[MATERIAL SUPPLIED]
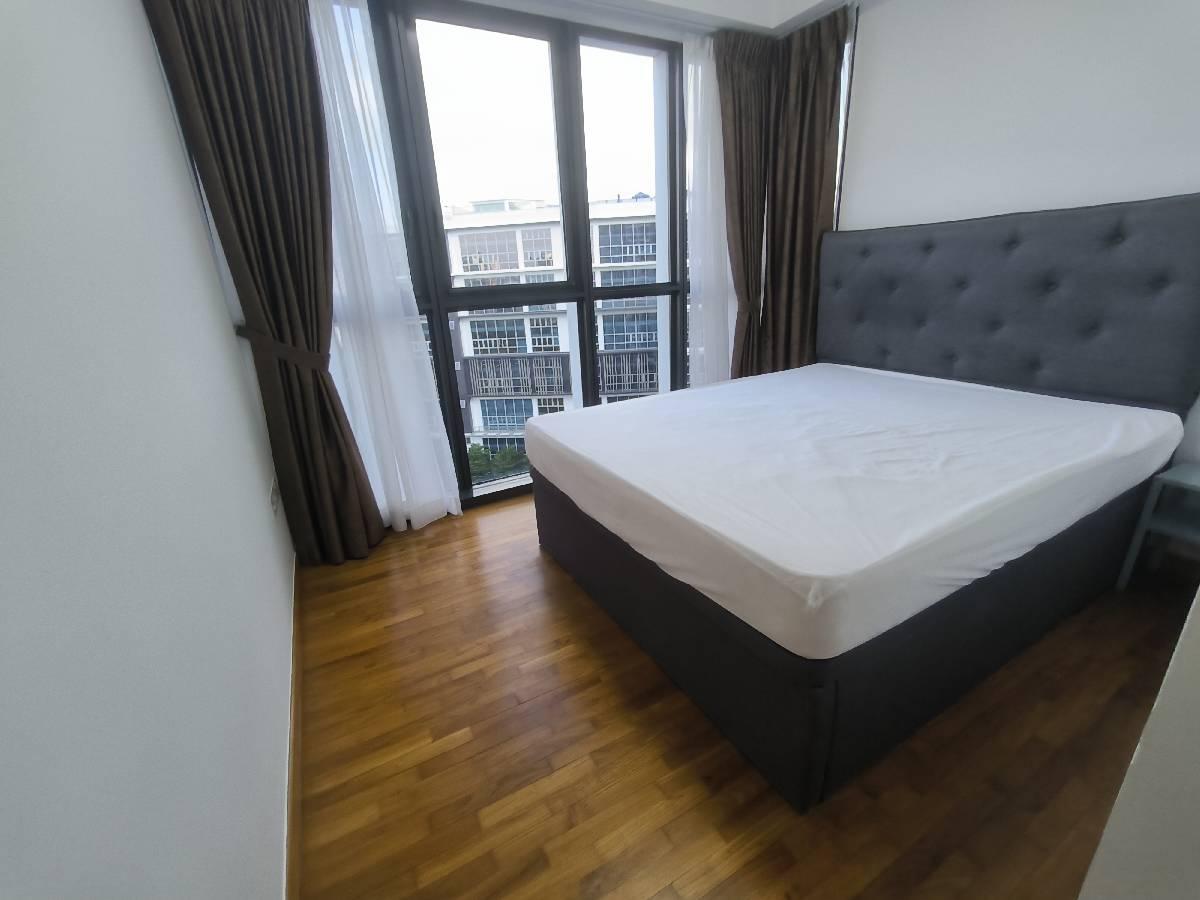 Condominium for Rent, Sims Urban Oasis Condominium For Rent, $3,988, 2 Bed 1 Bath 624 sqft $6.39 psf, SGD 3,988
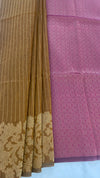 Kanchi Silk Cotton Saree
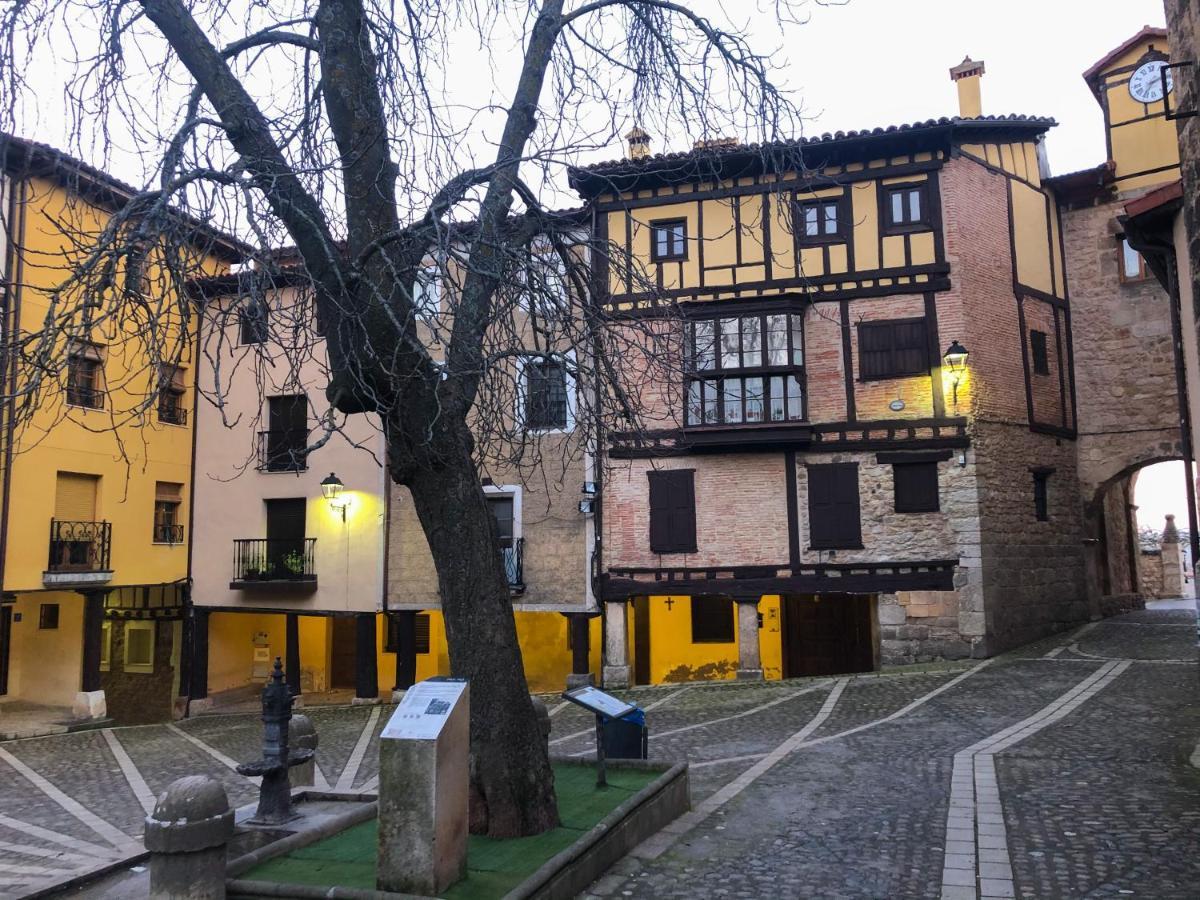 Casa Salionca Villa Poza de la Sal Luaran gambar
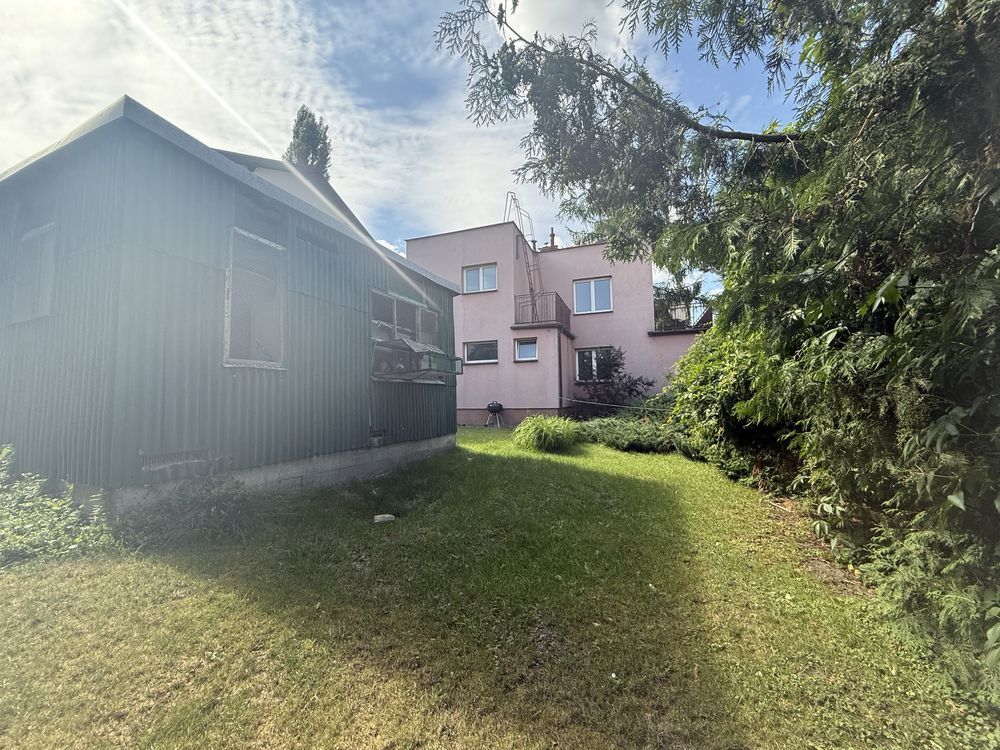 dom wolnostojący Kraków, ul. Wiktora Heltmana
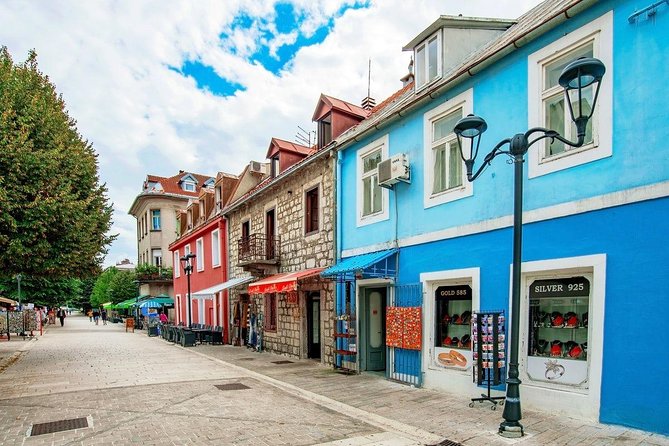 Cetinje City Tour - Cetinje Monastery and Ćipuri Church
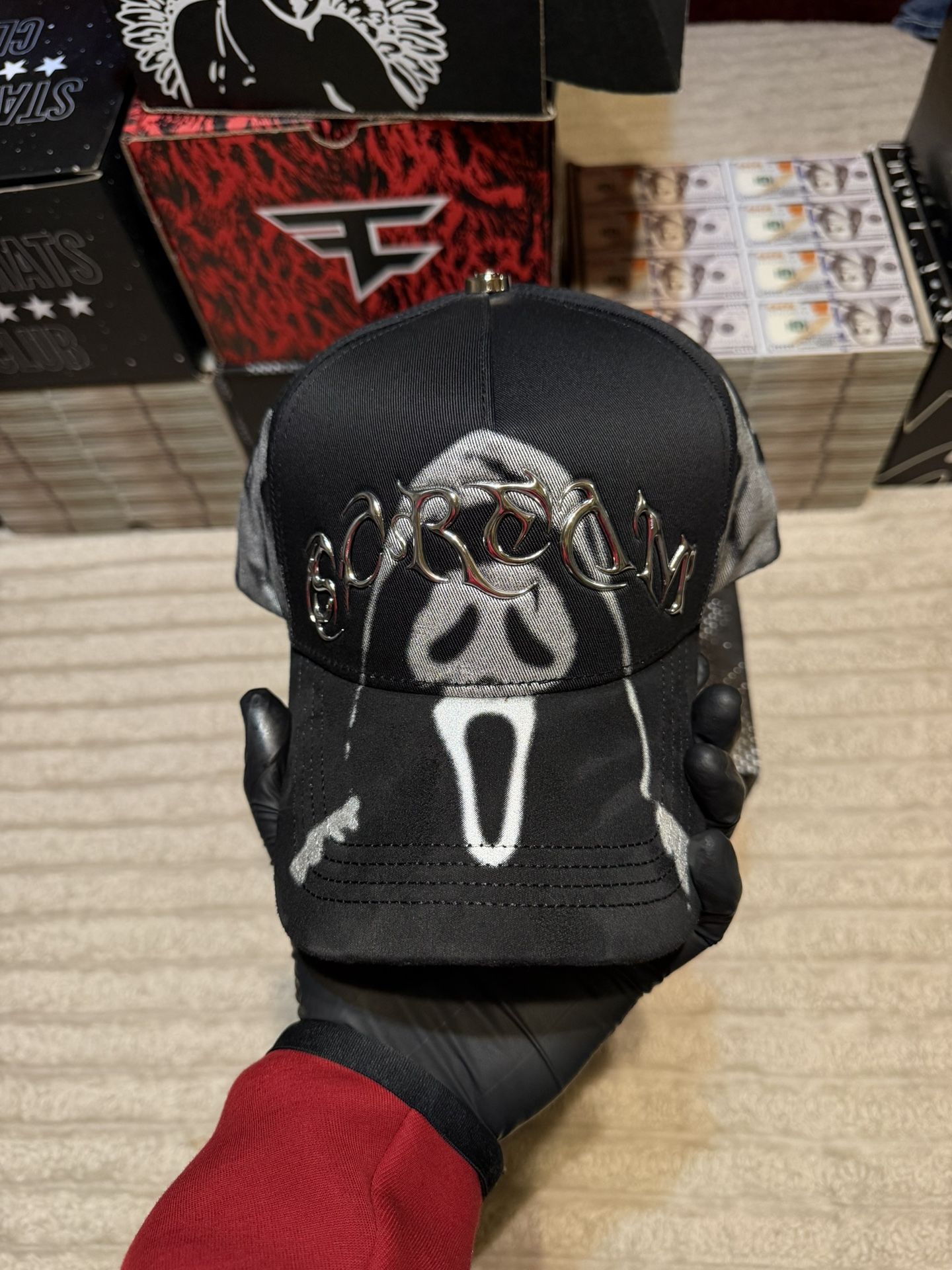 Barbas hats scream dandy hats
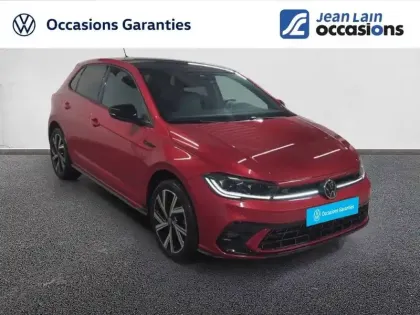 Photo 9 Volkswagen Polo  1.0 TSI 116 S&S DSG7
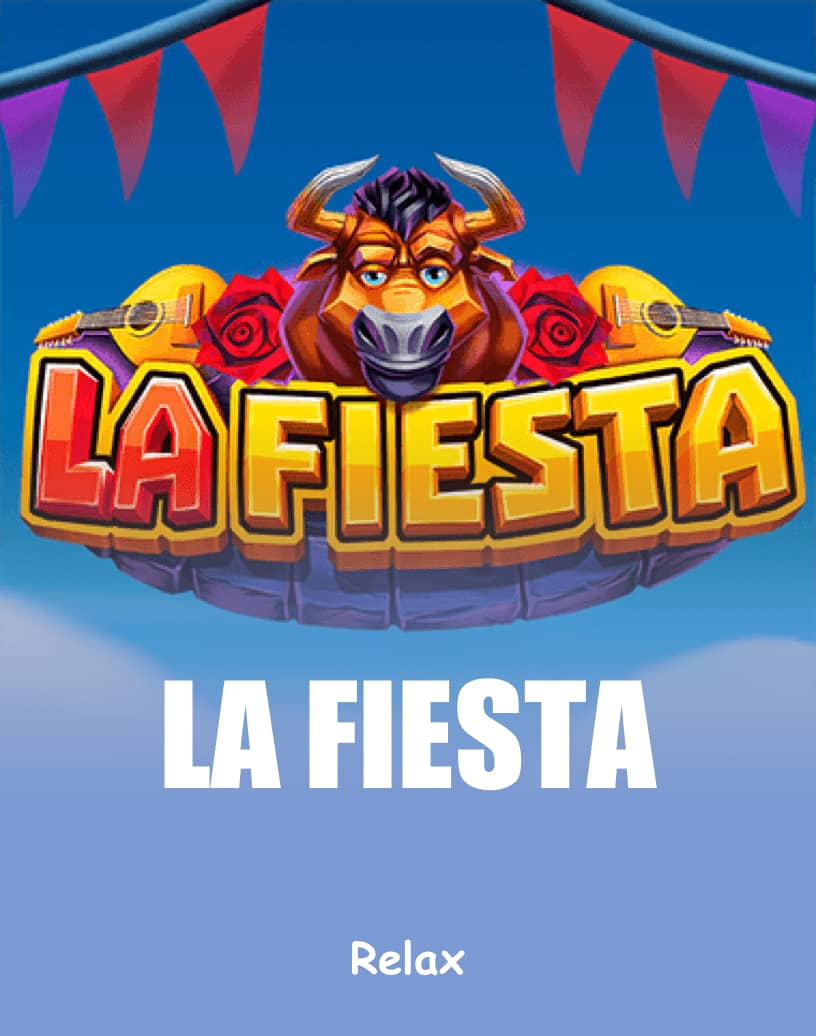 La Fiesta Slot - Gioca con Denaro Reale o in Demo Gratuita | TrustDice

[WHAT YOU SHOULD DO] Begin the copy at the line containing "Cetinje City Tour" and end it at the final line of the material above, reproducing each line exactly and omitting pictures.

[ANSWER FOR THE TASK]
 Cetinje City Tour - Cetinje Monastery and Ćipuri Church
 Barbas hats scream dandy hats
 Photo 9 Volkswagen Polo  1.0 TSI 116 S&S DSG7
 La Fiesta Slot - Gioca con Denaro Reale o in Demo Gratuita | TrustDice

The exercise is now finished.